- _EXERCISE DETAILS_: Once you reach the line with "View Image 1", transcribe it and every line after it to the end of the records, exactly, but not the pictures.

BEGIN DATA FOR ANALYSIS

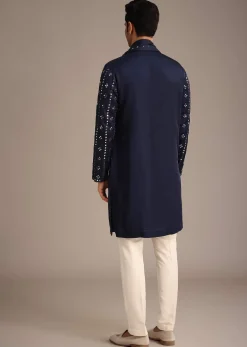 Blue Mirror Embellished Kurta Set With Dupatta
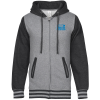View Image 1 of 3 of Independent Trading Co. Varsity Full-Zip Hoodie - Screen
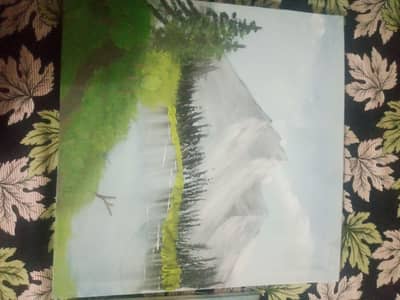 Beautiful Painting of distant mountains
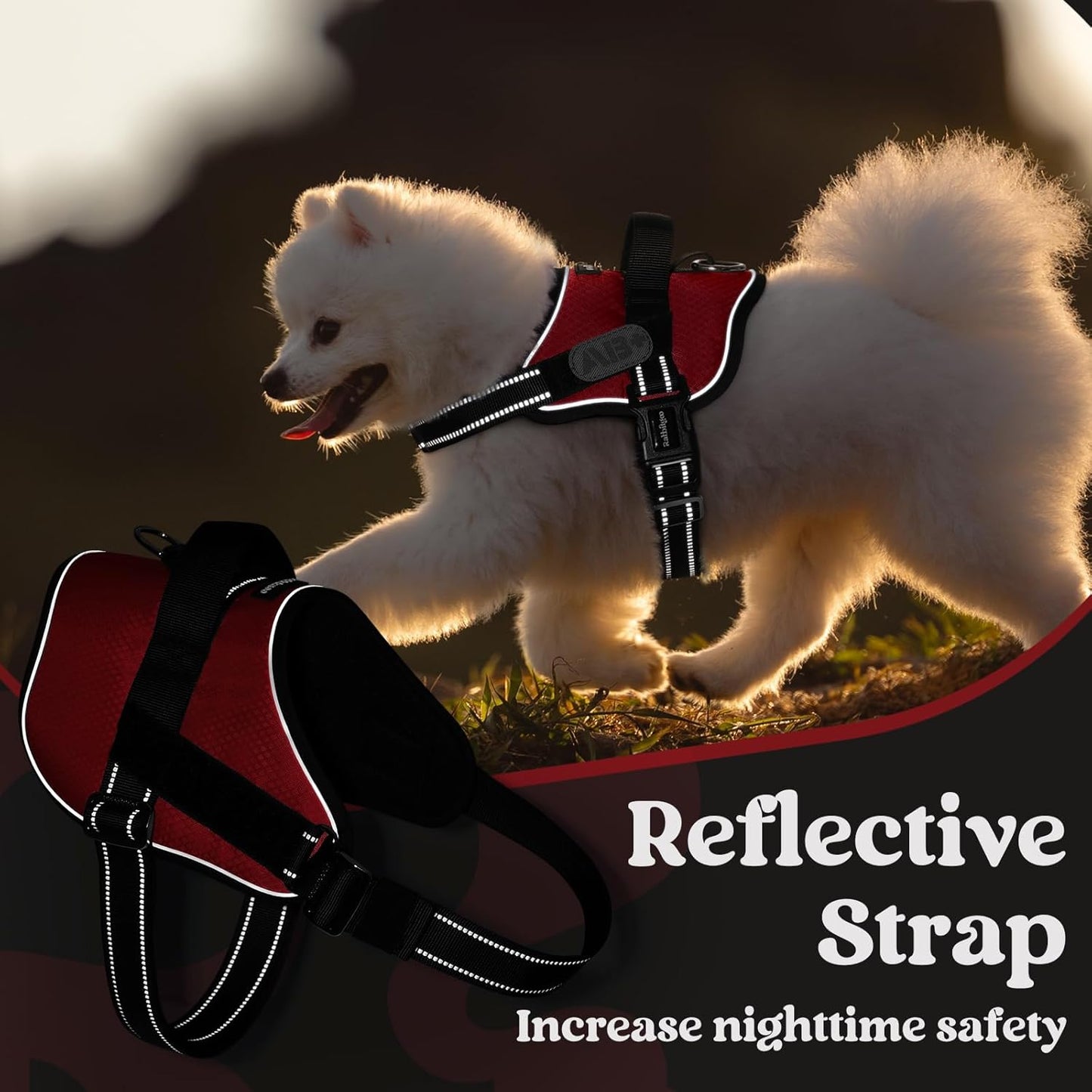 rabbitgoo Dog Harness for Large, Easy On Pet Vest with One Buckle, No Pull Adjustable Service Harness with D-Ring & Handle, Reflective for Safety Walking, Training, Red, XL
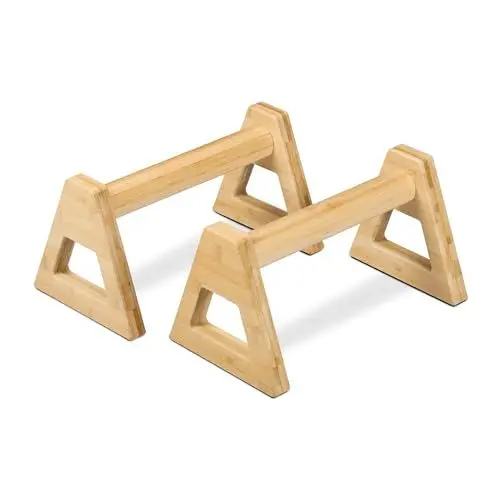Produktbild: Relaxdays Soportes Flexiones Brazos Bambú Liegestützgriffe XL, 2er Set, Parallettes Bambus, HBT: 20 x 21 x 38 cm, Calisthenics, Handstand Stütze, Natur
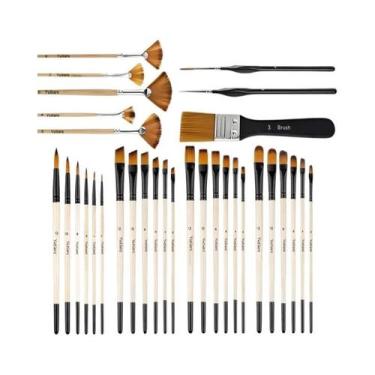 Imagem de Conjunto De Pincéis De Arte Deluxe Com 32 Peças, Profissional, Cabo De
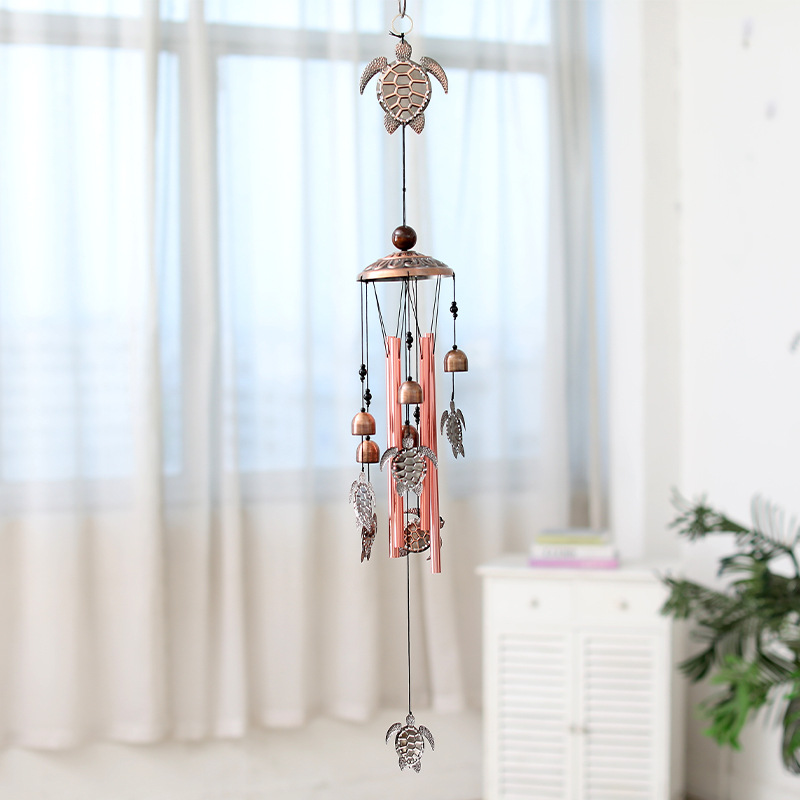 V888-ELOSUNG16684-222278-00 Vintage Turtles Wind Chime - 95cm Length, Antique Bronze Finish, Charming Outdoor Decor - Image 1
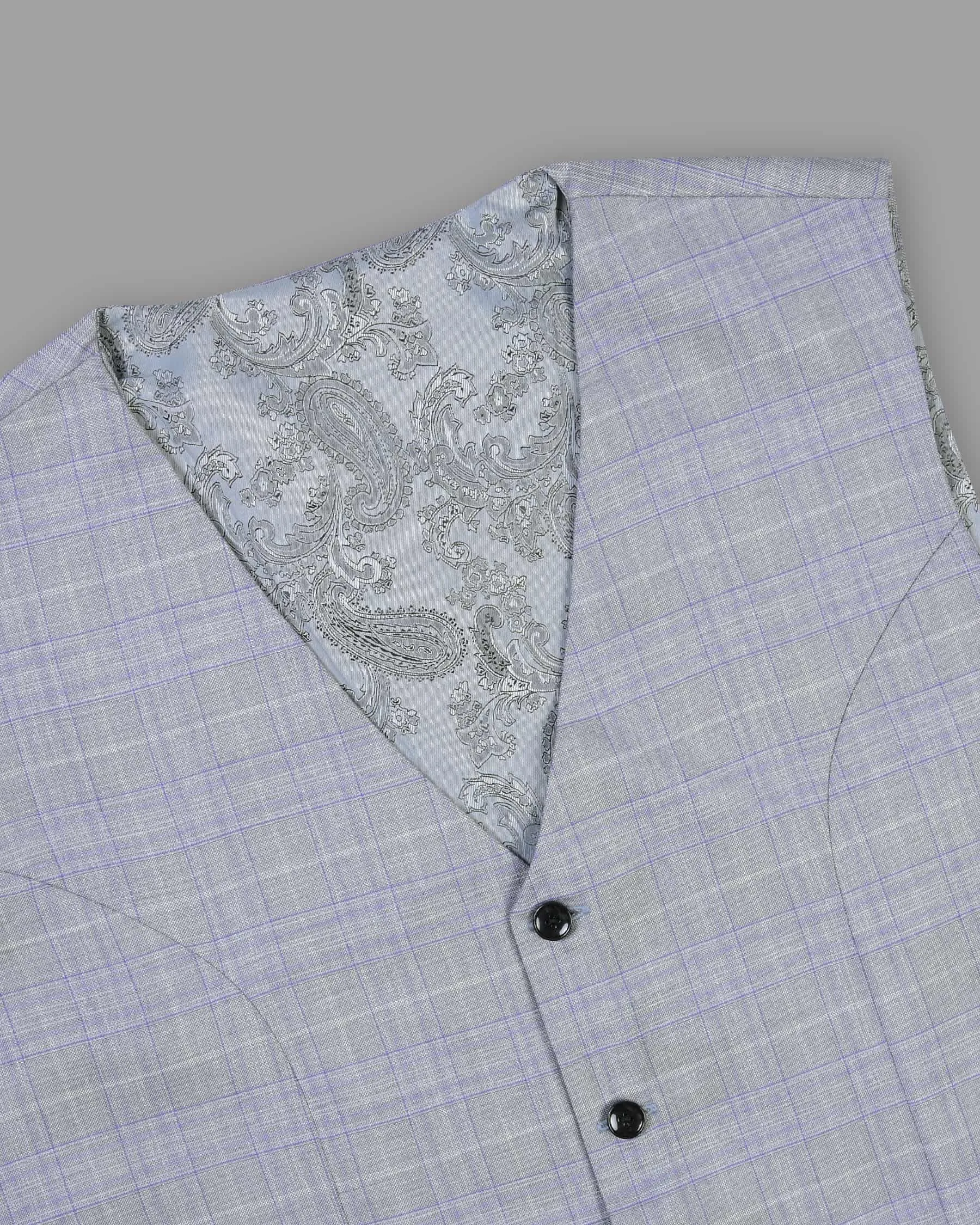 Aluminum Grey with Subtle Purple Checked Waistcoat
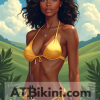 Indiana bikini contest, woman in Golden bikini in front of Indiana nature beauty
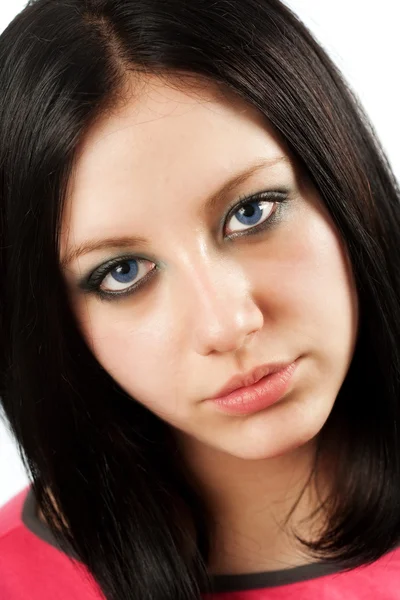 Brünettes Mädchen mit blauen Augen — Stockfoto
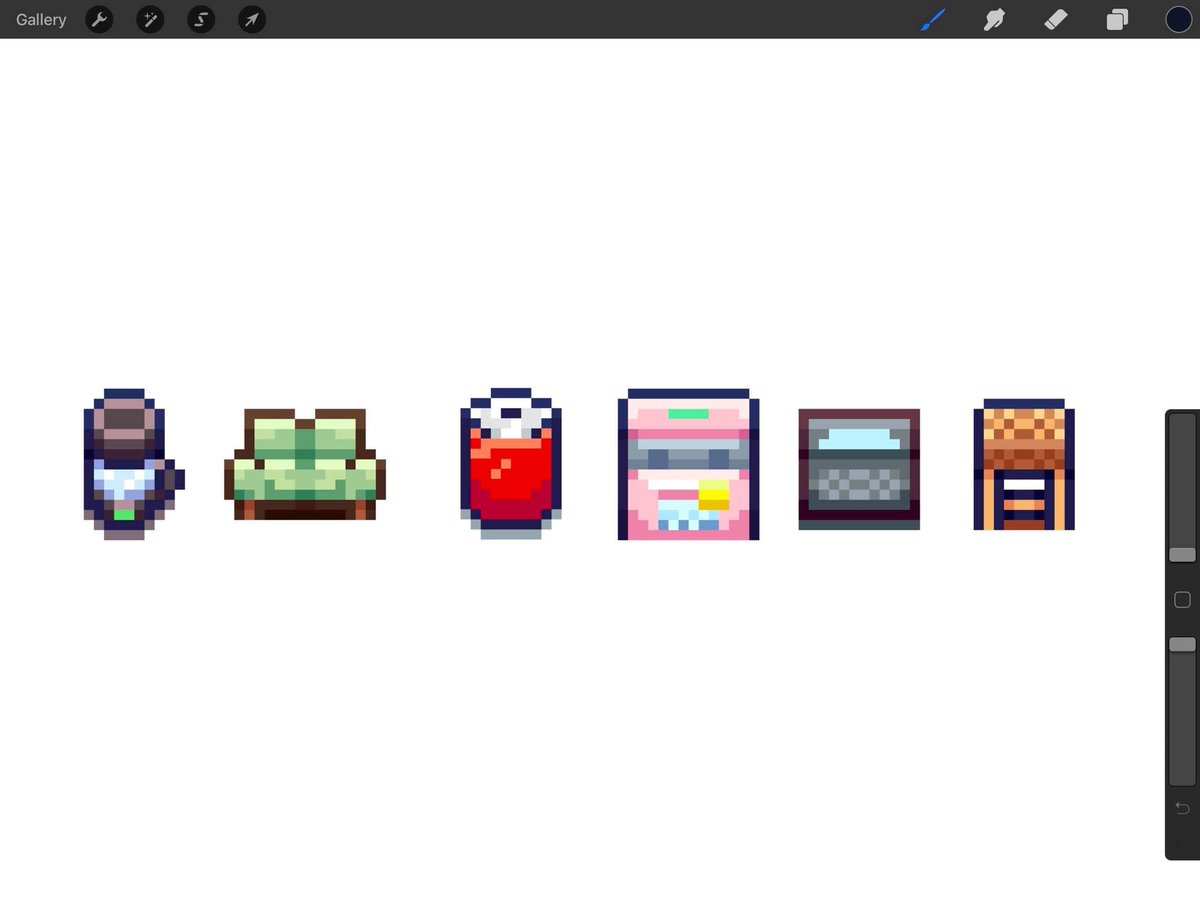 geometrikspark's tweet photo. @PeterMilko Watched your furniture tutorial (one of the few that have,) this is my first attempt at pixel art... this shit is tough to do at 16x16 nam sayin? https://t.co/Y19yLpdkWZ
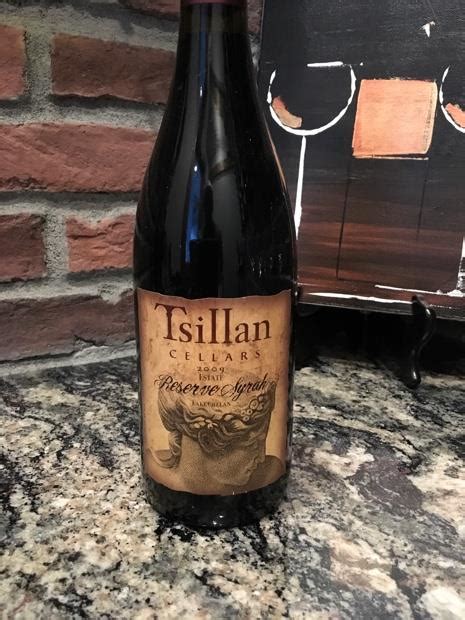 Tsillan Cellars Syrah Reserve Lakeside Vineyard Usa Washington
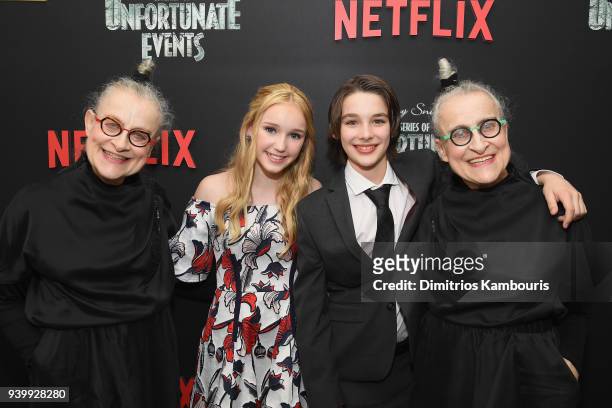 Avi Lake, Dylan Kingwell, Jacqueline Robbins and Joyce Robbins attend the Netflix Premiere of "A Series of Unfortunate Events" Season 2 on March 29,...
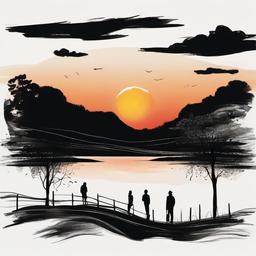 drawing of a sunset with silhouettes  minimal rough sketch scribbles,doodles,black and white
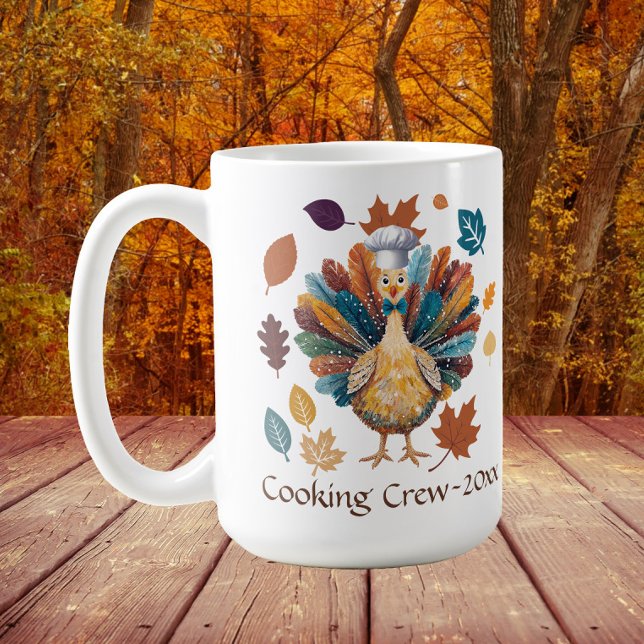 Mug Cuisine Crew Pilgrim Turquie Thanksgiving (Turkey "Cooking Crew" mug personalized with the year. Great for family Thanksgiving)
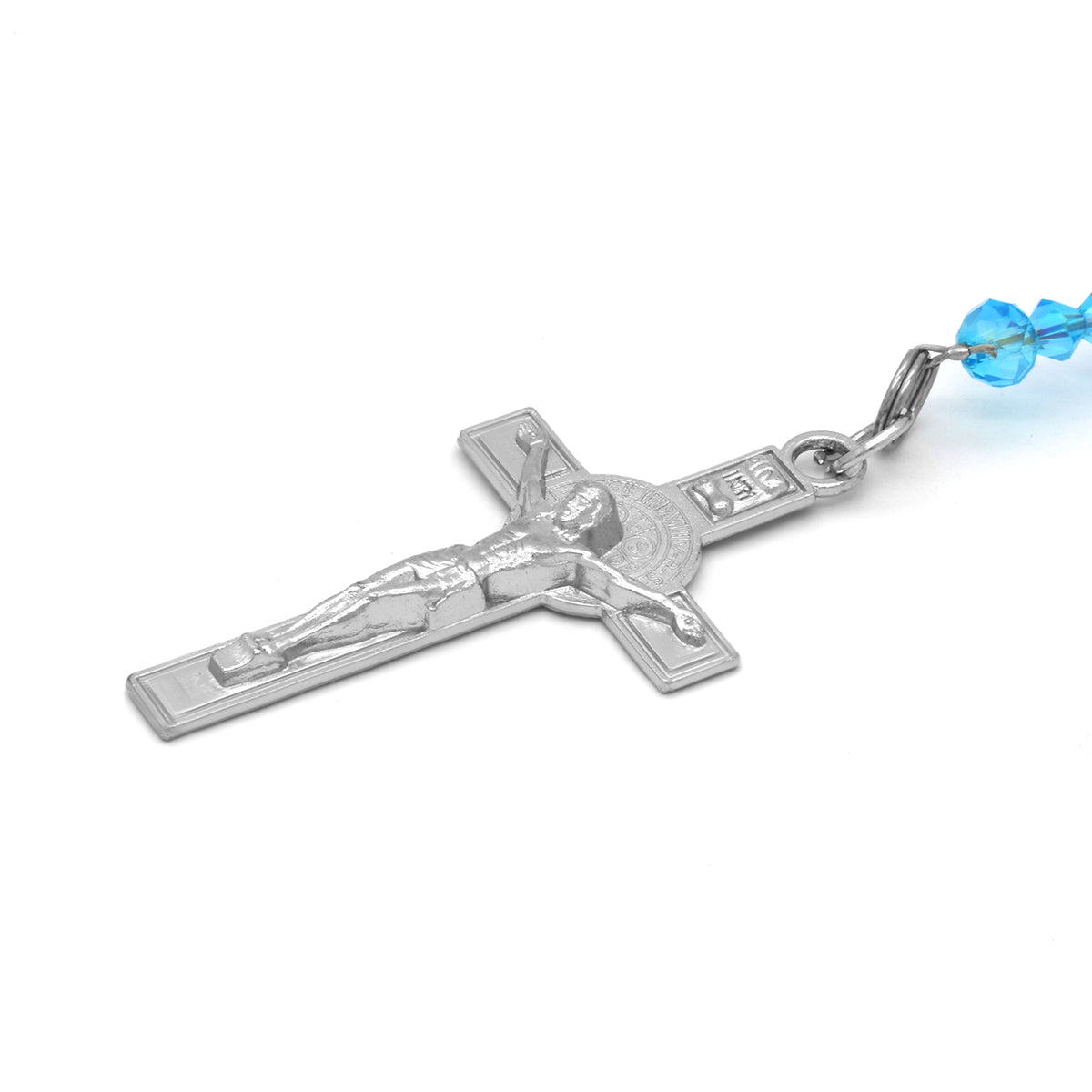 Lupe Epoxy Light Blue Crystal Rosary With Cross Pendant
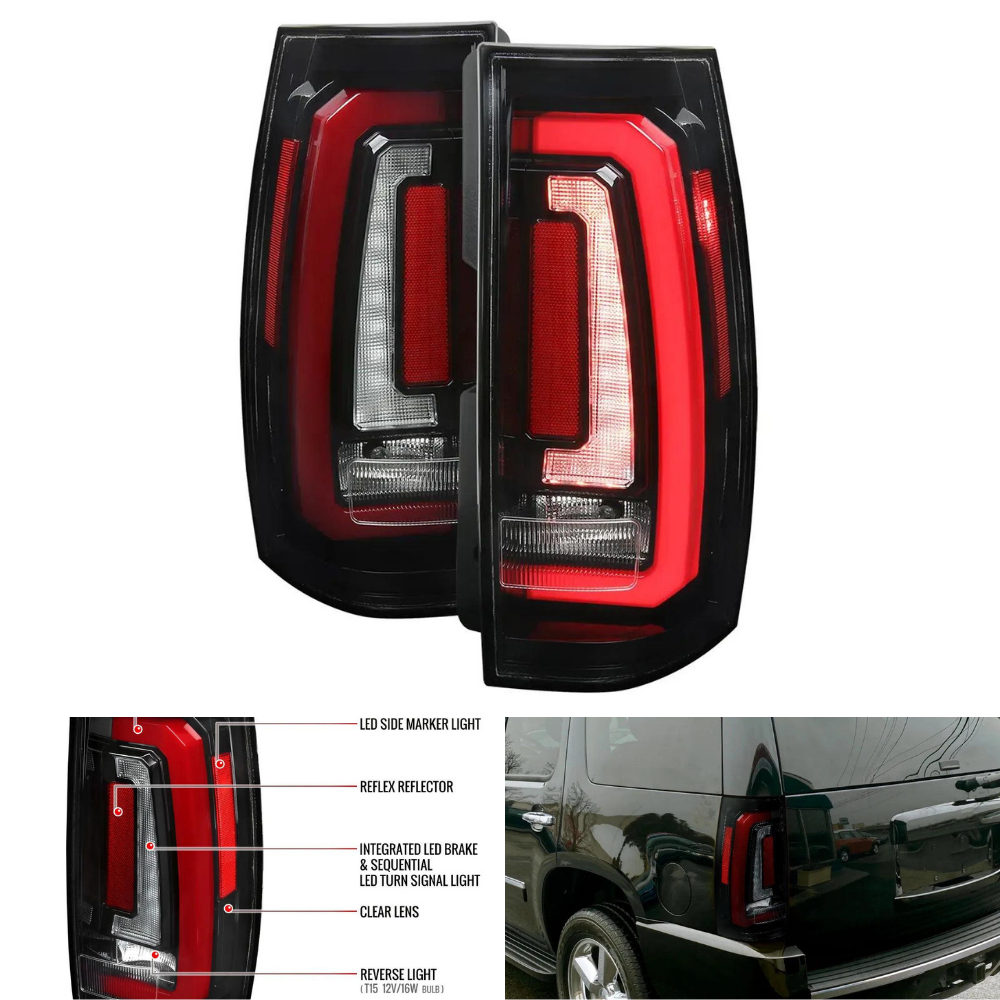 Spec-D Sequential LED Tail Lights, Jet Black/Clear | Chevrolet Tahoe/Suburban / GMC Yukon/Denali (07-14) (LT-DEN07BKLED-SQ-RS)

END DATA FOR ANALYSIS

- _RESPONSE TO THE TASK_:
View Image 1 of 3 of Independent Trading Co. Varsity Full-Zip Hoodie - Screen
 Beautiful Painting of distant mountains
 rabbitgoo Dog Harness for Large, Easy On Pet Vest with One Buckle, No Pull Adjustable Service Harness with D-Ring & Handle, Reflective for Safety Walking, Training, Red, XL
Produktbild: Relaxdays Soportes Flexiones Brazos Bambú Liegestützgriffe XL, 2er Set, Parallettes Bambus, HBT: 20 x 21 x 38 cm, Calisthenics, Handstand Stütze, Natur
 Imagem de Conjunto De Pincéis De Arte Deluxe Com 32 Peças, Profissional, Cabo De
 V888-ELOSUNG16684-222278-00 Vintage Turtles Wind Chime - 95cm Length, Antique Bronze Finish, Charming Outdoor Decor - Image 1
 Aluminum Grey with Subtle Purple Checked Waistcoat
 Indiana bikini contest, woman in Golden bikini in front of Indiana nature beauty
 Brünettes Mädchen mit blauen Augen — Stockfoto
 geometrikspark's tweet photo. @PeterMilko Watched your furniture tutorial (one of the few that have,) this is my first attempt at pixel art... this shit is tough to do at 16x16 nam sayin? https://t.co/Y19yLpdkWZ
 Tsillan Cellars Syrah Reserve Lakeside Vineyard Usa Washington
 Avi Lake, Dylan Kingwell, Jacqueline Robbins and Joyce Robbins attend the Netflix Premiere of "A Series of Unfortunate Events" Season 2 on March 29,...
 drawing of a sunset with silhouettes  minimal rough sketch scribbles,doodles,black and white
 Mug Cuisine Crew Pilgrim Turquie Thanksgiving (Turkey "Cooking Crew" mug personalized with the year. Great for family Thanksgiving)
 Lupe Epoxy Light Blue Crystal Rosary With Cross Pendant
 Spec-D Sequential LED Tail Lights, Jet Black/Clear | Chevrolet Tahoe/Suburban / GMC Yukon/Denali (07-14) (LT-DEN07BKLED-SQ-RS)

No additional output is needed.